§ **Items from a data source**

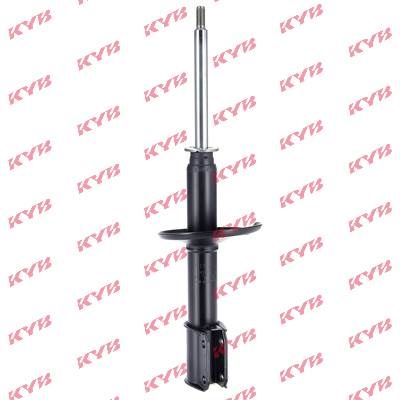 AMORTIZOR KYB 633082 12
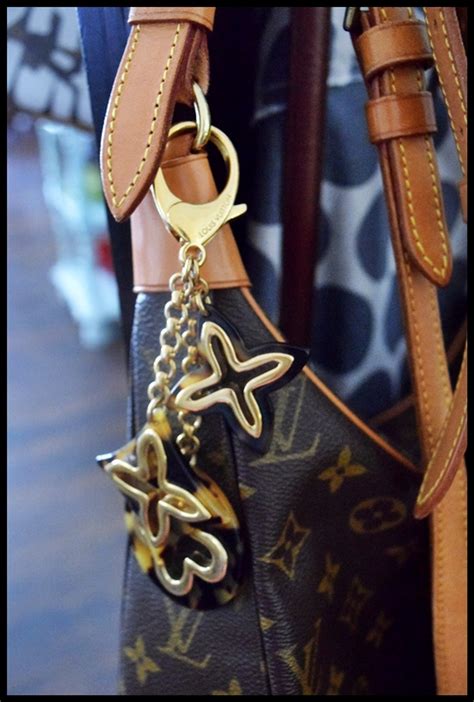 Louis Vuitton Collection 2023 | semashow.com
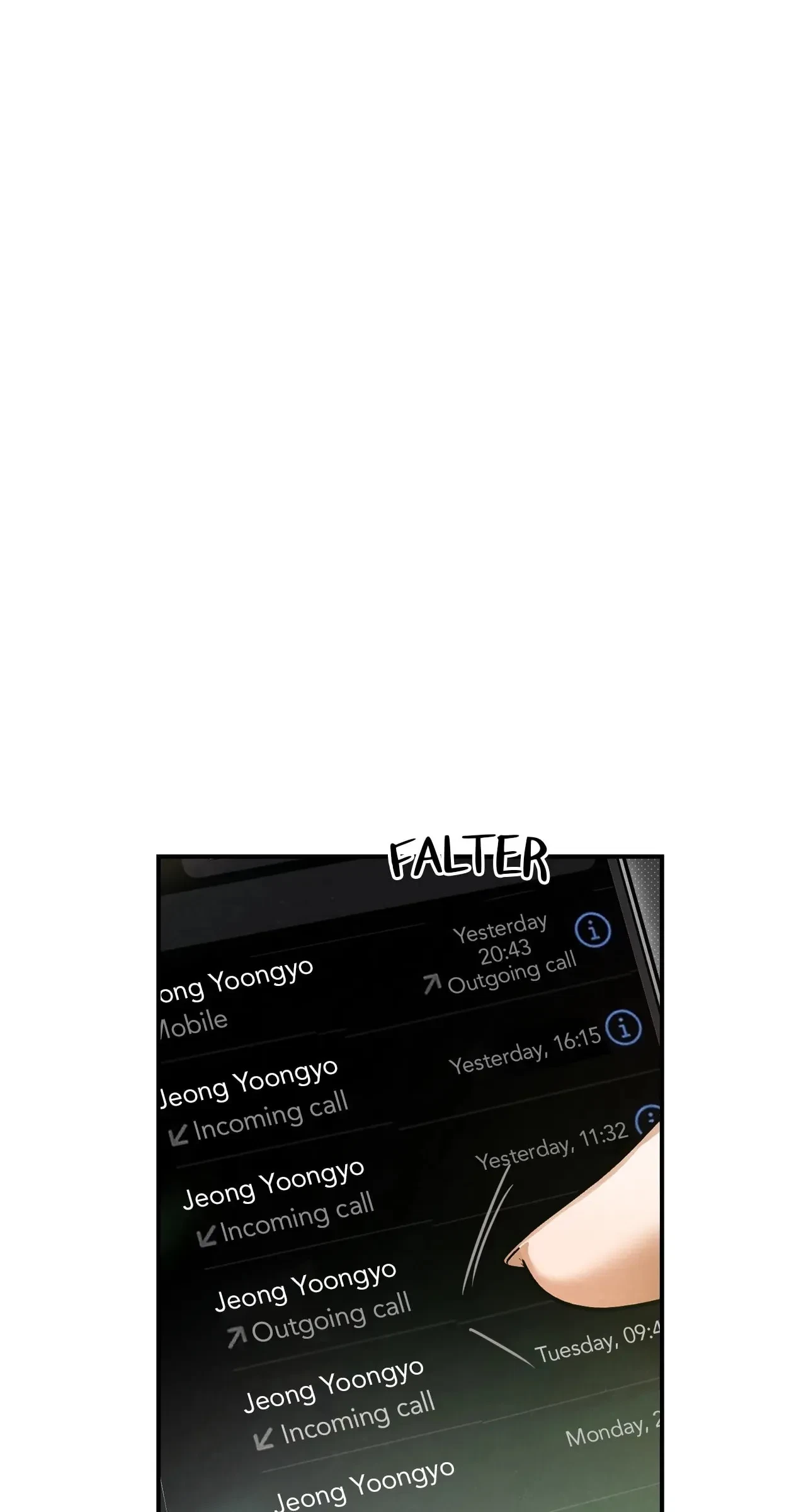 Chapter 60.27, page 84
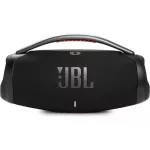 JBL Boombox 3 ลำโพงขนาดใหญ่ไร้สาย (รับประกันศูนย์มหาจักร 1 ปี)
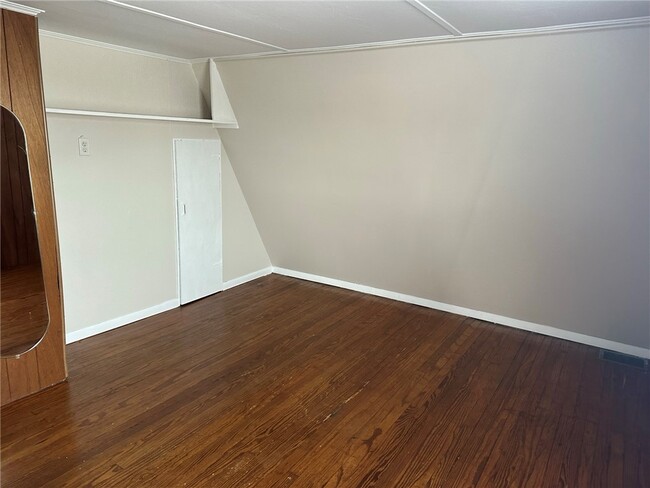 1212 Filmore Ave in Erie, PA - Building Photo - Building Photo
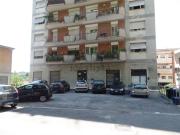Locale in vendita di 46 m² in Via Fosse Ardeatine, 7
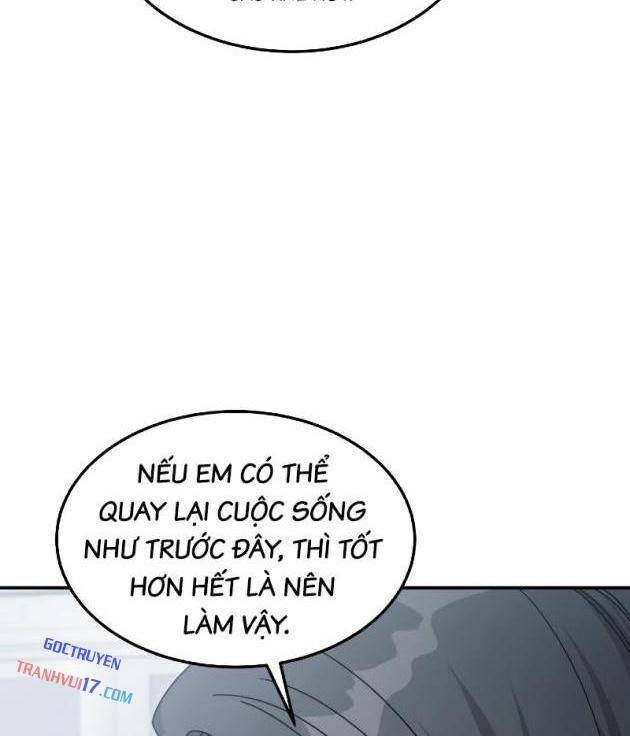 Thợ Săn Sống Trong Căn Hộ Cho Thuê - Page 33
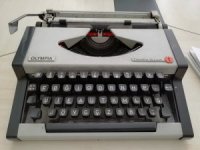 Başkan Erden, Eskileri Yaşatıyor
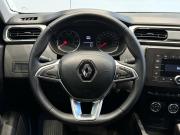 Renault Arkana I Волжский  - изображение 39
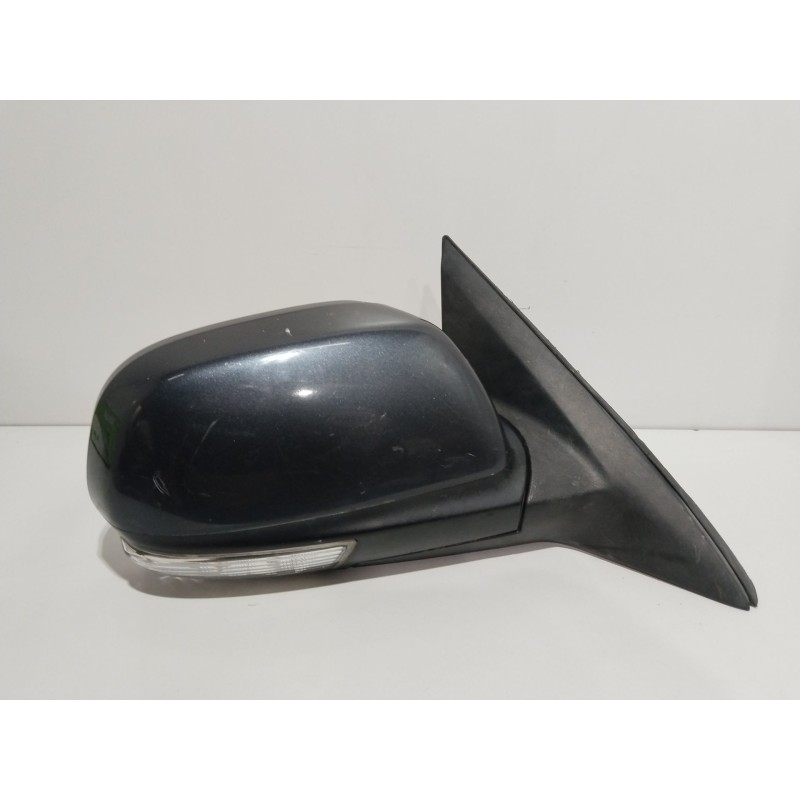 RETROVISOR DERECHO 96633805 ELECTRICO - imagen 3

§ **About this exercise**
Every record above should be written out again exactly; the pictures stay out of the copy.

§ **The completed task**
 AMORTIZOR KYB 633082 12
 Louis Vuitton Collection 2023 | semashow.com
 Chapter 60.27, page 84
 JBL Boombox 3 ลำโพงขนาดใหญ่ไร้สาย (รับประกันศูนย์มหาจักร 1 ปี)
 1212 Filmore Ave in Erie, PA - Building Photo - Building Photo
Locale in vendita di 46 m² in Via Fosse Ardeatine, 7
 Thợ Săn Sống Trong Căn Hộ Cho Thuê - Page 33
 Başkan Erden, Eskileri Yaşatıyor
 Renault Arkana I Волжский  - изображение 39
 RETROVISOR DERECHO 96633805 ELECTRICO - imagen 3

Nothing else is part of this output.